### TRY IT
Read the listing and extract each line that includes the word "Canvas".

### PROVIDED DATA
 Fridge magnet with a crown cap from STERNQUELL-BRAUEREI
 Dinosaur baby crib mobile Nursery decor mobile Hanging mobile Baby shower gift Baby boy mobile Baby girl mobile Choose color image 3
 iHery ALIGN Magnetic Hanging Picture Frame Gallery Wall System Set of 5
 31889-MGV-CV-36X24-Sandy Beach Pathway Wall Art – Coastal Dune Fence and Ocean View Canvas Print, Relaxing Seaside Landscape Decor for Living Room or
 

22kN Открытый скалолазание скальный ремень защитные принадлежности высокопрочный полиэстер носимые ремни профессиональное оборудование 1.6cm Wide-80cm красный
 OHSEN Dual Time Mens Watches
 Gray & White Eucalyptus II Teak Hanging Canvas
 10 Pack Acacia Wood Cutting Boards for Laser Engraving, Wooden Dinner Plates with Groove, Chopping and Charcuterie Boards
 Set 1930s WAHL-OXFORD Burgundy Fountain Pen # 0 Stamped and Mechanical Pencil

### WRITTEN SOLUTION
 31889-MGV-CV-36X24-Sandy Beach Pathway Wall Art – Coastal Dune Fence and Ocean View Canvas Print, Relaxing Seaside Landscape Decor for Living Room or
 Gray & White Eucalyptus II Teak Hanging Canvas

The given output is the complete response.